O que pode levar as autoridades a reverter um parecer anterior e, à margem de qualquer critério legal, tentar impedir a realização de um evento no próprio dia em que este deveria ter lugar? Que nomes são esses que ao aparecer no ecrã do telefone fazem mais-velhos, pais-de-família, hiperventilar de pânico e embrulharem-se completamente com actos que contrariam todas as formações que já receberam?


Segundo o testemunho do Fábio, um dos organizadores do evento cujo nome se pode ver na documentação aqui disponibilizada, foi ao aperceberem-se que o MCK seria o convidado de honra do evento que lhes terá disparado o alarme arrepiante da auto-censura e terão tentado corrigir o tiro, pressionando psicologicamente a organização a abortar o evento e, mais engraçado, a inventar “uma desculpa qualquer” para o justificar perante a opinião pública, ao pé da qual a sua credibilidade ficaria mordiscada. “Sobretudo não dizer nada ao MCK”. Esses mais-velhos perderam totalmente o juízo.


Ainda segundo o Fábio, uma vez no escritório do comandante Ndalu, por quem terá sido convocado, uma enxurrada de questões acerca do recém-premiado do Festival Nacional da Canção se seguiu, ao ponto de, na dúvida acerca do conteúdo temático das letras deste último, o comandante ter baixado a ordem a um subordinado hierárquico que se deslocasse ao local onde estaria a decorrer a venda do “Proibido Ouvir Isto”, adquirisse uma cópia e se pusesse a escutá-la in loco, comunicando a par-e-passo o que estivesse a ouvir. O agente não terá superado a faixa introdutória e já o comandante levava as mãos à cabeça alarmado:”não pode ser, esse indivíduo não pode cantar, não estamos autorizados a ter músicos que cantam contra o governo!”.


A resistência à intimidação fez com que outro tipo de estratégia, mais agressiva, fosse colocada em marcha: desde visitas ostensivas de agentes à paisana ao local do evento, desencorajamento de permanência de quem se aproximasse com intuito de adquirir bilhete, visita inusitada do soba e ainda uma campanha de desinformação executada utilizando o serviço de SMS de uma das operadoras nacionais, em tom alarmante, advertia a população a não ir ao evento pois “algo de mau irá acontecer”. Para coroar tudo isto, um corte de energia foi encomendado quando o evento já decorria.

Ameaça mal disfarçada de conselho. O visado tentou ligar para o remetente, mas o número estava desligado.

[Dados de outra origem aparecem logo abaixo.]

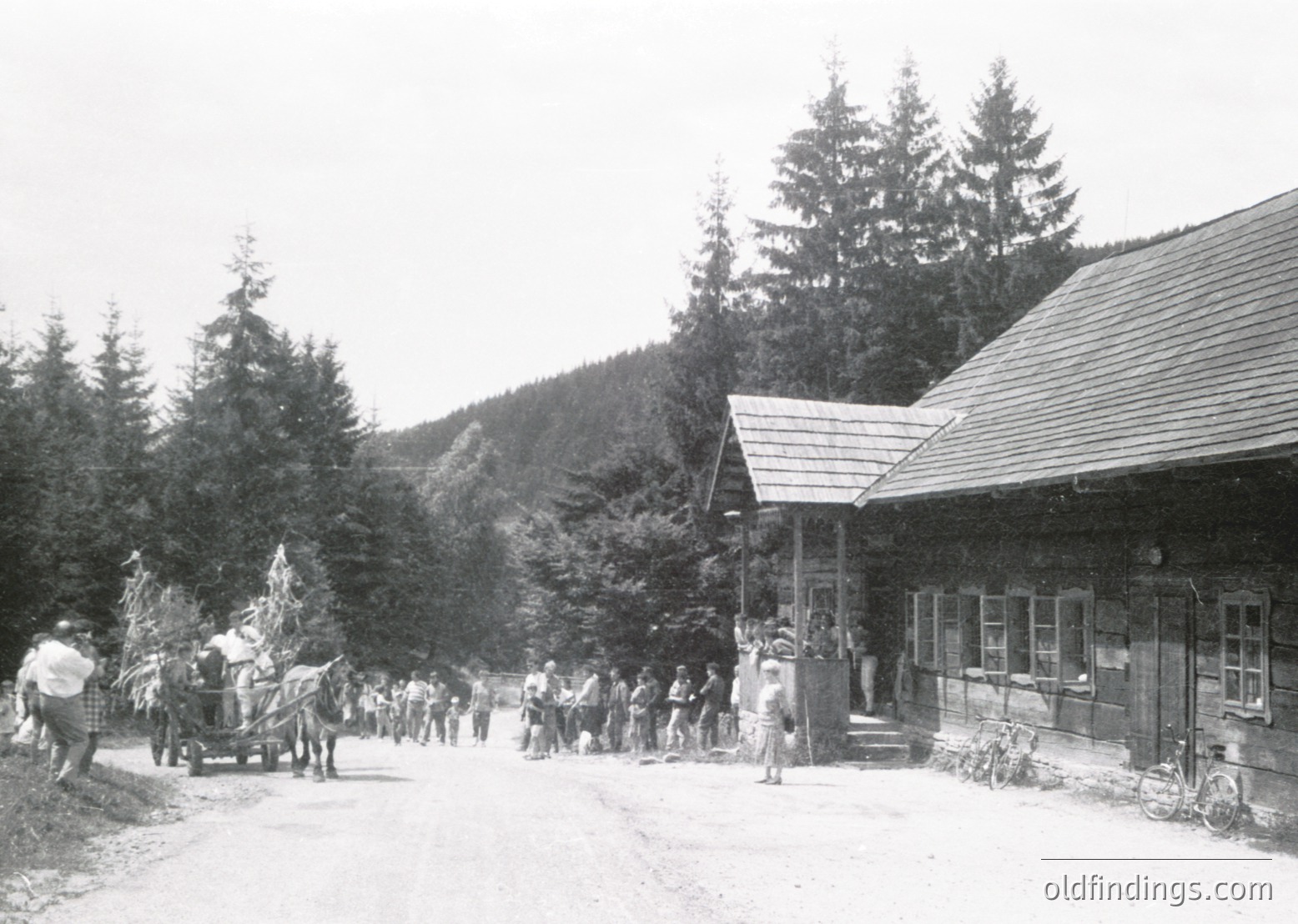 Black-and-white alpine village scene with wooden chalet-style buildings and dense pine forest. Crowd of early 20th-century mountain tourists, some with bicycles and horse-drawn carts, gathered near a rustic lodge entrance.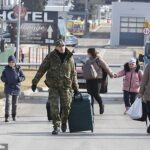 Europeans with 'combat experience' have been called on to help in the bitter struggle against despot Vladimir Putin's forces. Pictured: A man in olive-coloured military regalia is seen at the Polish/Ukraine border
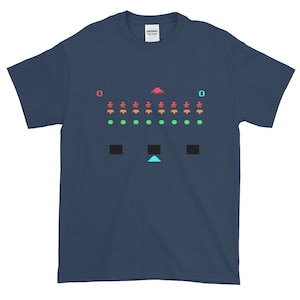 Könnte beinhalten: Ein marineblaues T-Shirt mit einem pixelartigen Bild eines klassischen Arcade-Spiels. Das Spiel zeigt ein Raumschiff, Außerirdische und einen Punktestand von 0.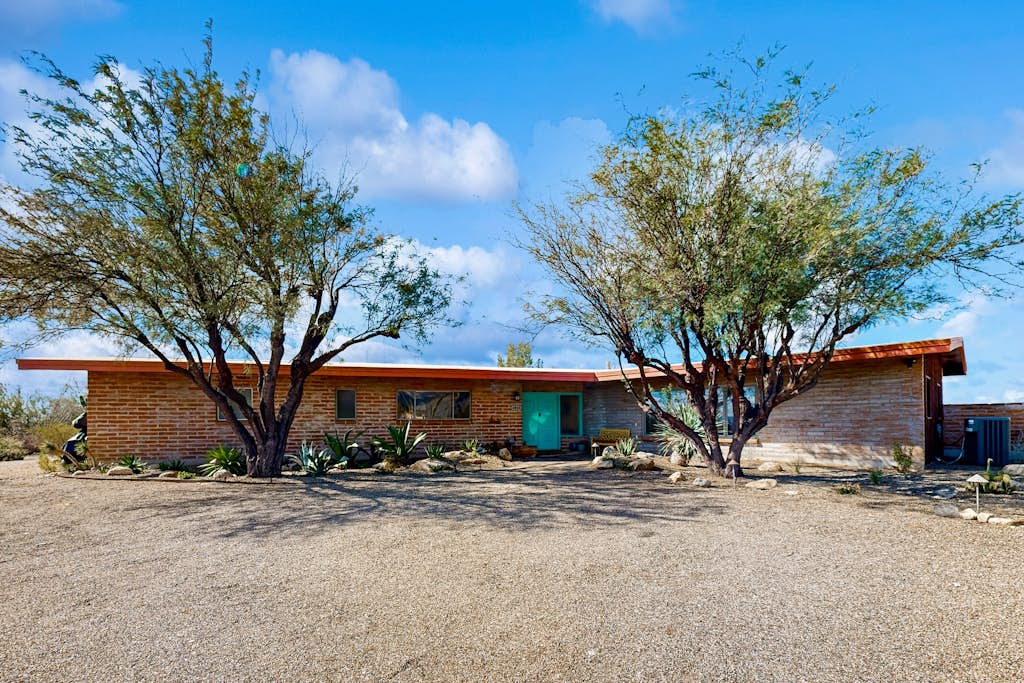 Dog-friendly oasis with yard, amazing pool, furnished patio, & washer/dryer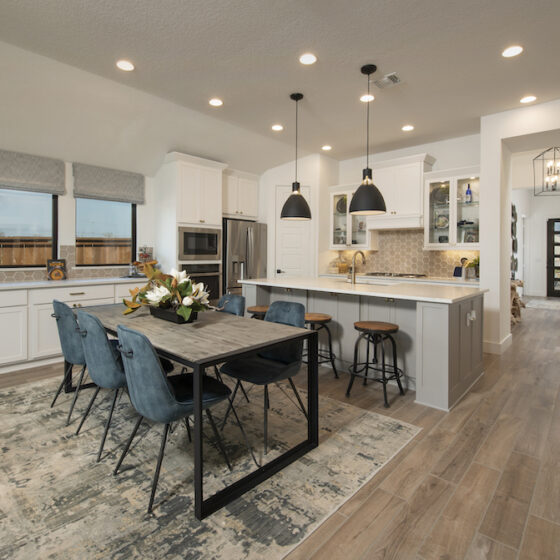 A beautifully upgraded kitchen with natural lighting.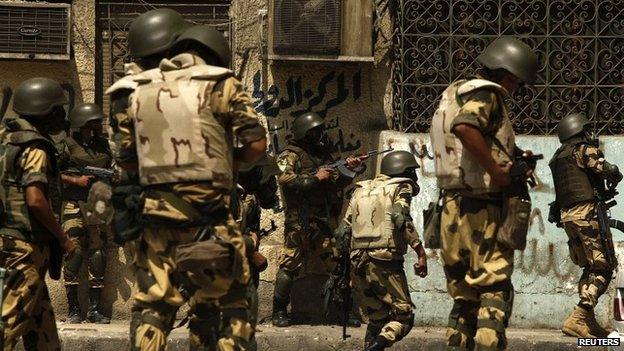 Security forces move in on Muslim Brotherhood supporters camped at Rabaa al-Adawia mosque in Cairo - 14 August 2013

Os rapazes foram firmes e resolutos, levando em frente a sua intenção de realização do evento que tão cuidadosamente prepararam, não abdicando de nenhum dos pormenores previstos inicialmente, incluindo a participação do MCK que acabou por cantar o dobro daquilo para o que tinha sido contratado, em sinal de reconhecimento tanto pela organização, como pela brava plateia de (à volta de) 80 almas, que apesar dos alertas, não quiseram perder um evento que é raro para os amantes de Hip Hop consciente na terra das acácias rubras.


As consequências da sua “afronta” à ordem superior e arbitrária já começaram a fazer-se sentir e o pequeno espaço de 30 minutos semanais que lhes era cedido na Radio Morena, lhes foi retirado mas, claro está, de maneira amigável, sem celeuma, sem ressentimentos pois, afinal de contas, coitado do “dono do programa” que receia agora ter qualquer tipo de associação a esta juventude desobediente, não vá ele, por seu turno, perder tão pequena “benesse” como um inofensivo programa de rádio.


Para download gratuito, a banda dispensou uma das suas novas faixas intitulada “10 anos de irmandade“, no qual abordam justamente o assunto aqui relatado.


Só mais um episódio entre milhares no país do revanchismo, protagonizado pelos mesmos dinossauros políticos que recusam aperceber-se que essas práticas já não têm lugar numa Angola democrática e seguem, envergonhando o país perante o mundo, ao mesmo tempo que impingem por força de discursos exemplos que nunca lhe deram.